November/December 2009
Finding Peace in the Eye of the Storm
It’s amazing how our lives can suddenly turn upside down in an instant. It was a normal and bright spring morning, just a few days after Purim, the holiday of life upside down, of God seemingly hidden yet present. I was on my way to work, like any other day. The blur began with my cell phone ringing. My wife, Batya, was calling about my eight-year-old daughter. “Meirav’s really sick. She’s having trouble breathing. She’s screaming in pain…” And then suddenly, the cell phone got cut off. Images in my memory become disjointed after that. Trying to call back again and again. Trying to keep calm. Finally getting through: “We’re on our way to the hospital. You have to come down and meet us.”

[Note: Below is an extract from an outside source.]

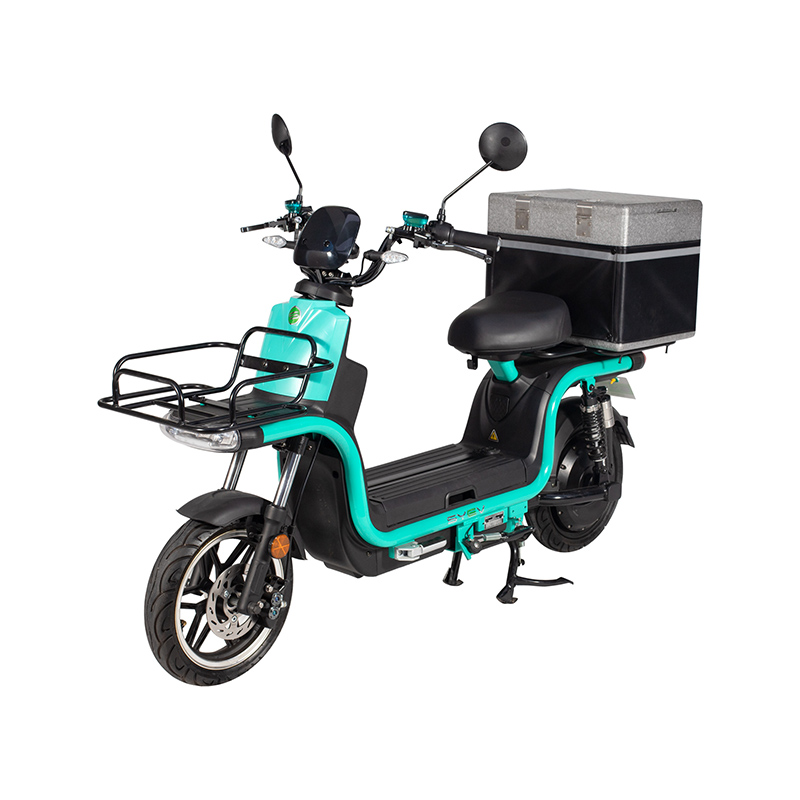 Quais sistemas avançados de assistência ao condutor esta motocicleta elétrica inclui?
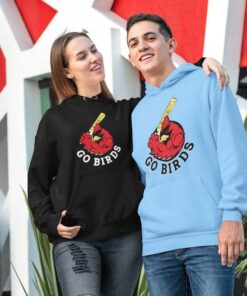 Go Birds Go Cardinals Baseball Sweatshirt Hoodie Cardinal Pride Women Or Mens Sweatshirt Yard Bird A Great Gift For Any Cardinal Lover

The next clear memory I have is of arriving in the emergency room. The children’s section was empty and dimly lit, save for one room with harsh fluorescent lighting and a flurry of nurses and technicians walking in and out. At first, it looked like the bed was vacant—a child Meirav’s age takes up only half the bed. But there in the crowd was Batya, holding a little hand dangling off the bedside. There was my daughter. Her skin…I had never seen it that color before. It was ashen. And her eyes—normally so bright and blue—were dark, sunken and gray. Her sweet beautiful face was shadowed in suffering that no parent should ever have to see. I moved toward my wife, over to my little girl. “Hey sweetie, it’s Abba,” I said.
For the rest of my life, I’ll never forget those eyes looking through me. That gaze, weary and far-away. Eyes with the light all gone out. I recognized them, the eyes of the dying. Then there was my wife’s soft face smiling gently at our daughter. When Batya looked at me, all the strength she had been mustering to hold her composure for Meirav slipped for an instant, and the tears began to well up.
This was the nightmare that all parents fear. And it was happening to us. Was she going to die? I might have gone into denial if I could, but those eyes…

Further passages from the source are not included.